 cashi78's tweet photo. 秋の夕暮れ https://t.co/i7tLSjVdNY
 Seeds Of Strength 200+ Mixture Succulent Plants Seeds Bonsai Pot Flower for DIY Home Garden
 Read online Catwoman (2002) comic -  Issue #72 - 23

□ □ □

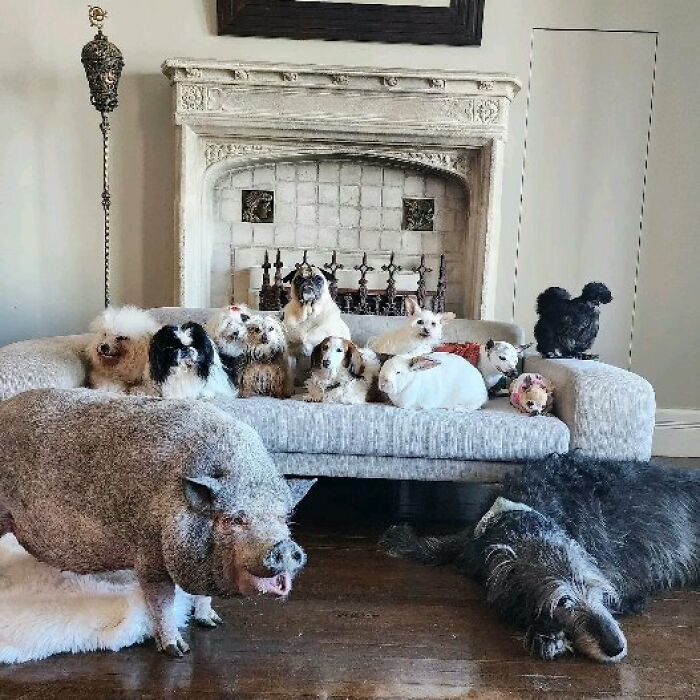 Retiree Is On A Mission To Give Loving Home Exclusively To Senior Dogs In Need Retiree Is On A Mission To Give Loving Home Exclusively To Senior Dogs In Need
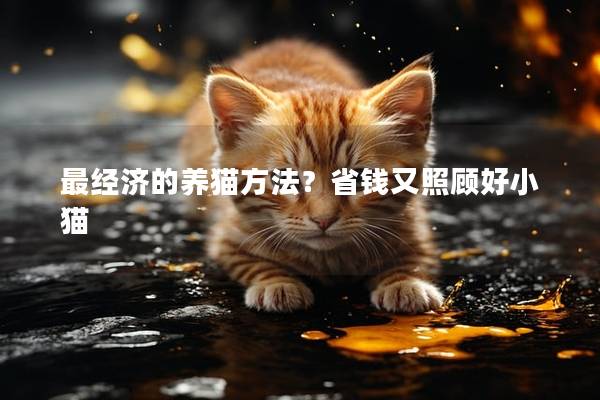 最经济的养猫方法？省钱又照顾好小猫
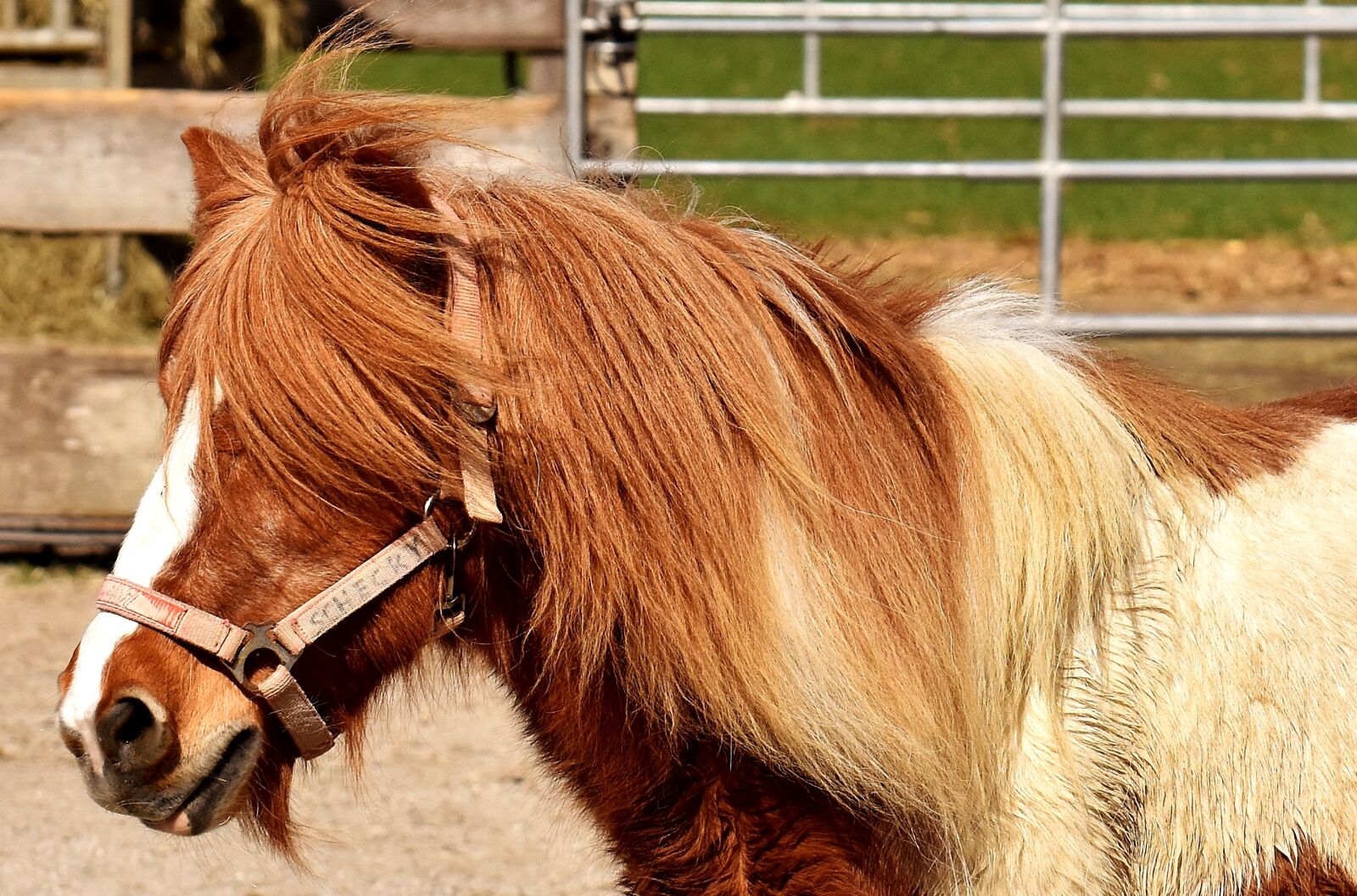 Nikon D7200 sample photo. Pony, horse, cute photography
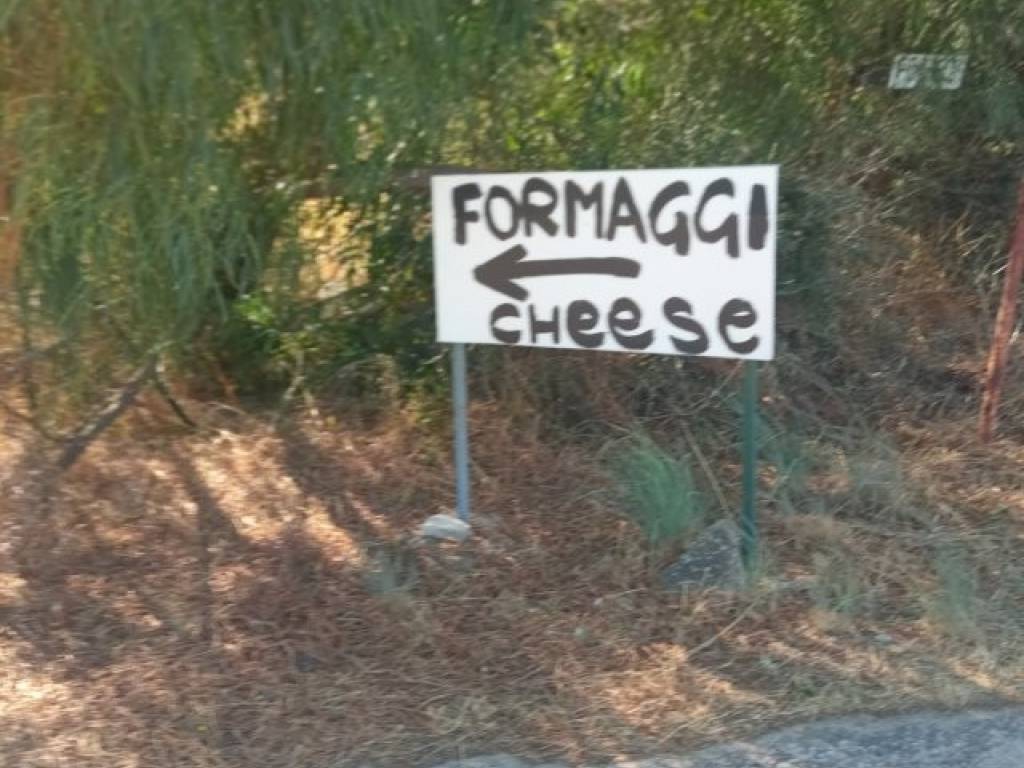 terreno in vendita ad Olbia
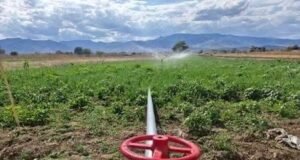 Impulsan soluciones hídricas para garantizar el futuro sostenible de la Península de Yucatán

□ □ □

▸ **What is needed**: From the material above, reproduce only what runs from the line holding "最经济的养猫方法？省钱又照顾好小猫" down to the line holding "Impulsan soluciones hídricas", both included, pictures excluded.

▸ **Reply**:
 最经济的养猫方法？省钱又照顾好小猫
 Nikon D7200 sample photo. Pony, horse, cute photography
 terreno in vendita ad Olbia
 Impulsan soluciones hídricas para garantizar el futuro sostenible de la Península de Yucatán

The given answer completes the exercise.